RÉCIT DU CATAMARAN PIMENT ROUGE

Depuis 2020 de plus en plus de voiliers rencontrent des orques à l'approche de Gibraltar côté Océan Atlantique (une vingtaine en mai 2023). 
On parle "d'interaction" indirecte s'il n'y a pas de contact ou directe s'il y a contact.
Le catamaran Piment Rouge, un outremer 51, navigue depuis les Açores pour rejoindre la Mer Méditerranée. À l'approche de Gibraltar, nous vérifions les dernières informations concernant les interactions avec les orques sur le site GT Orca Atlantica (www.orcaiberica.org) et les réseaux sociaux. Nous passons aussi en revue les derniers conseils de sécurité (décrites sur GTOA  et rappelée dans multicoques mag #218 avril/mai 2023) : 
. arrêter le bateau (voile et moteur)
. éteindre le pilote automatique et le sondeur et 
. laisser la barre lâche.

Dans la nuit du 02 au 03 juin 2023, nous croisons un premier groupe d'orques que nous détectons au son au crépuscule (20h45 TU ; 36°08'N/06°57'W). 
Ils tournent autour de nous
5 minutes et s'en vont, nous laissant soulagés. 
La nuit se passe sans nouvelle rencontre. À l'aube (04h30 TU 36°02'N/06°13'W), un choc surprise à rompu la drosse reliant la barre à roue au safran. Un groupe d'orques est regroupés à l'arrière du bateau. Nous appliquons les consignes de sécurité et appelons le MRCC sur le canal 16. Nous voici à l'arrêt. 
Les orques s'acharnent sur les skegs (quillons de protection des hélices). Au premier skeg arraché, un orque joue à l'écart avec, puis un deuxième s'en va jouer avec le second à l'écart aussi. 
Deux autres orques cherchent aussi des parties à arracher. Au bout d'une quinzaine de minutes, un orque beaucoup plus gros, que nous n'avions pas remarqué, passe à une cinquantaine de mètres et le groupe se disperse. Suite aux témoignages que nous avions lus, nous attendons quelques minutes avant de  remettre les moteurs et tester les safrans à la barre franche. 
Le MRCC toujours toujours en liaison radio nous encourage à nous dérouter vers Barbate et nous indique l'envoi d'un bateau d'escorte qui arrive à notre rencontre dans les 30 minutes.
Nous nous dirigeons sur Barbate au pilote automatique avec l'idée d'évaluer les dégats au port au moteur et voile avant. Malgré l'escorte, un orque solitaire (plus gros que ceux du groupe précédent) vient percuter violement le safran de la coque tribord (07h10 TU 36°07'N 06°03'W). Nous réappliquons les consignes et le bateau escorte nous tourne autour. L'orque est insensible à ce dernier. Il se dirige même vers lui avant de revenir vers nos safrans. Au bout d'une dizaine de minute il se met à distance mais son souffle reste visible. Restant manoeuvrant, nous relançons les moteurs et nous reprenons la route vers Barbate sous escorte, un équipier à guetter à chaque bord. 
L'orque ne revient pas.
Nous arrivons finalement à Barbate, bien accueilli et évaluons les dégats : la drosse rompue, les 2 skegs arrachés, un safran tordu et un safran voilé.

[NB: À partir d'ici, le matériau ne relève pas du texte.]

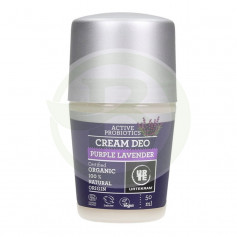 Desodorante Lavender 50Ml. Urtekram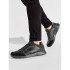 Chaussures Geox Damiano black Man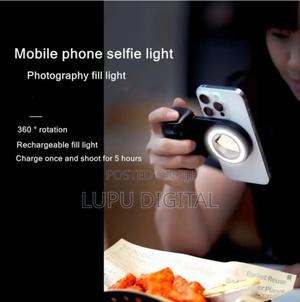 Magnetic Phone Holder Withled Filllight Bluetooth Shutter Anti-Shake - main view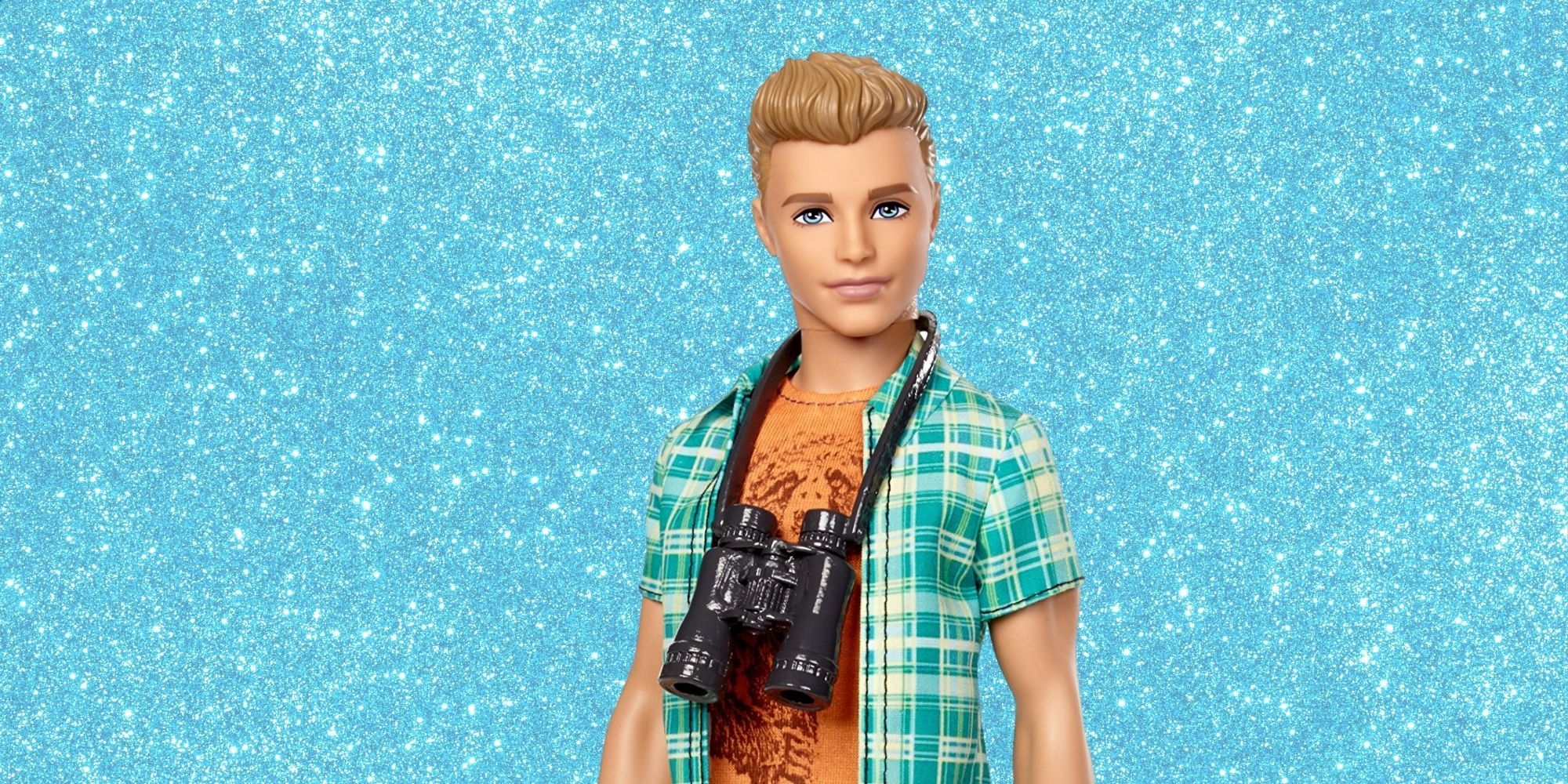 Camping ken doll hot sale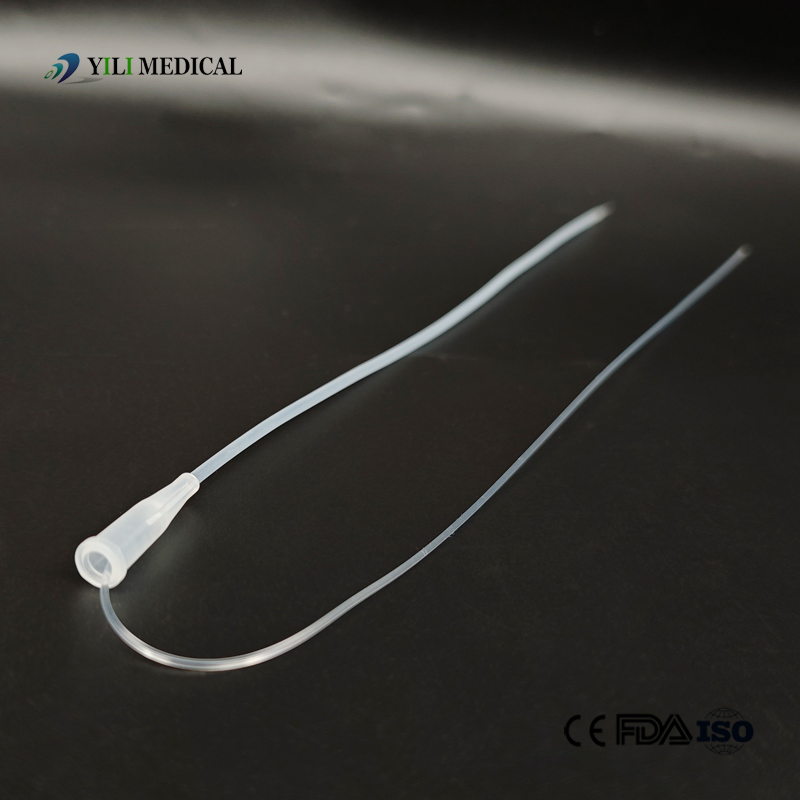 1.4mm/1.0mm/0.6mm Catéteres Subclavios Médicos Desechables con Alambre Guía PA
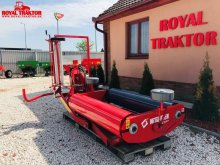 Metalfach Z560 ovíjačka balíkov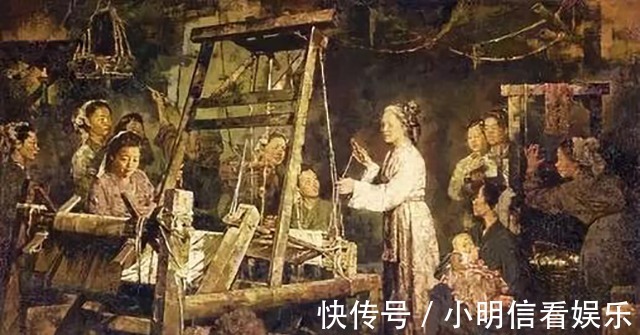 棉纺织|纺纱技术决定了衣服的质量，手捧《农书》细品元代棉纺织业的繁荣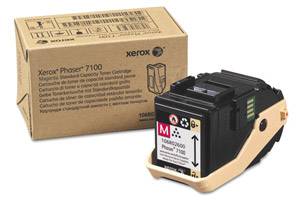 Xerox 106R02600 Original Magenta Toner Cartridge for Phaser 7100 N/DN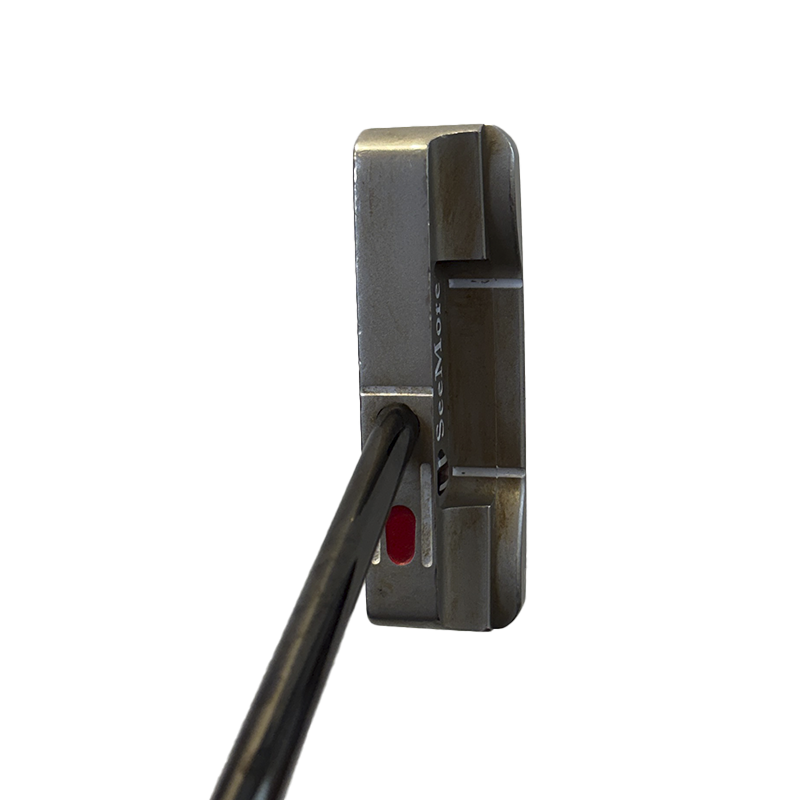 SeeMore X2 Precision Tour Milled Putter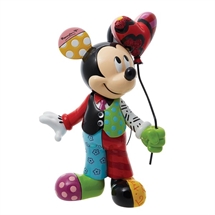 Disney by Britto - Mickey Mouse Love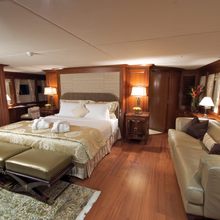 You & Me Yacht Master Stateroom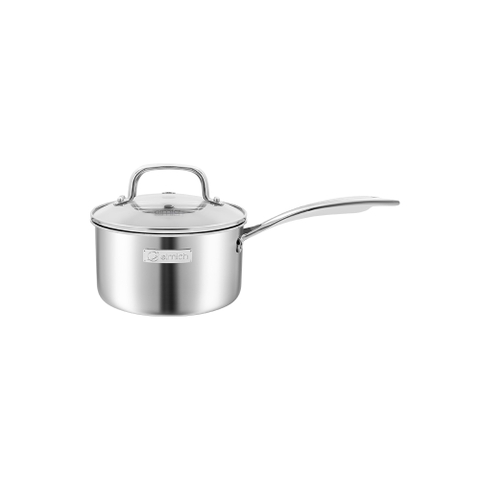 Bộ nồi inox liền khối Elmich EL2485IN02 Size 16,20,24, chảo 26cm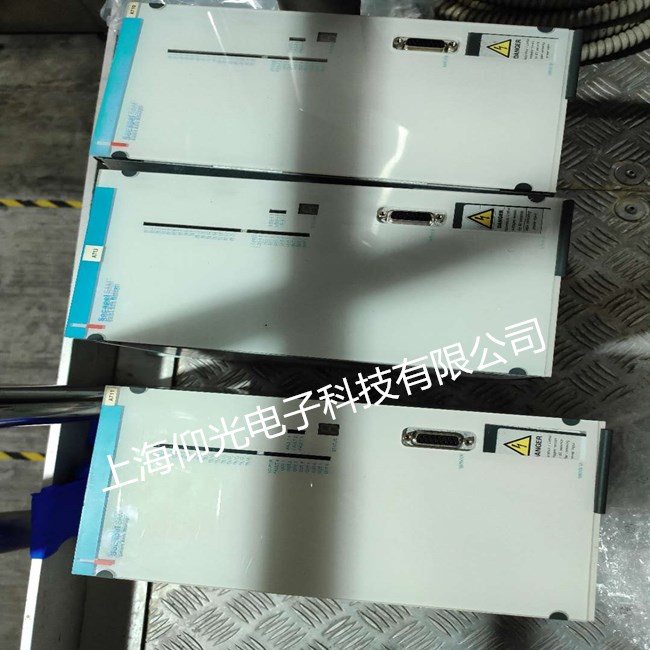 Danaher丹纳赫伺服驱动器MMC维修,伺服驱动器参数错误故障维修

Comparé aux derniers témoignages, nous avons été relativement chanceux concernant les temps d'interaction et les dégats.
Merci au MRCC de Barbate et le SALVAMAR ENIF pour leur réactivité rassurante.
Bravo aux différents médias qui diffusent les consignes de sécurité. Lors de notre appel au MRCC, ils nous indiquaient que les dernières directives nous encourageant à poursuivre la route. Nos trois rencontres ont été très différentes en nombre, taille et impact, nous comprenons la difficulté de consensus scientifiques ou de protocoles d'action.
Notre sentiment après cette expérience est que dans le cadre du "jeu", il semblerait que de s'arrêter est peut être moins excitant pour les orques. les groupes composés d'orques moins gros (juvéniles) sont moins violents et ils se désintéressent du bateau en se concentrant sur les morceaux arrachés. Peut être que des "faux safrans sacrificiels" pourraient les satisfaire et réduire les risques matériels ? 
Par ailleurs, les locaux conseillent de longer les côtes avec une profondeur en dessous de 20 m.
Enfin, nous n'avons pas ressenti d'agressivité avec le groupe et si les coups du plus gros étaient impressionnants, à aucun moment nous ne nous sommes sentis physiquement en danger. 
Relire les consignes avant de rentrer dans la zone nous paraît important pour être prêt, puis s'attendre à un sentiment d'impuissance. Le risque le plus important semble la voie d'eau en cas d'arrachage du safran, d'où l'importance d'appeler les secours le plus rapidement possible après le début de l'interaction et de rester calme.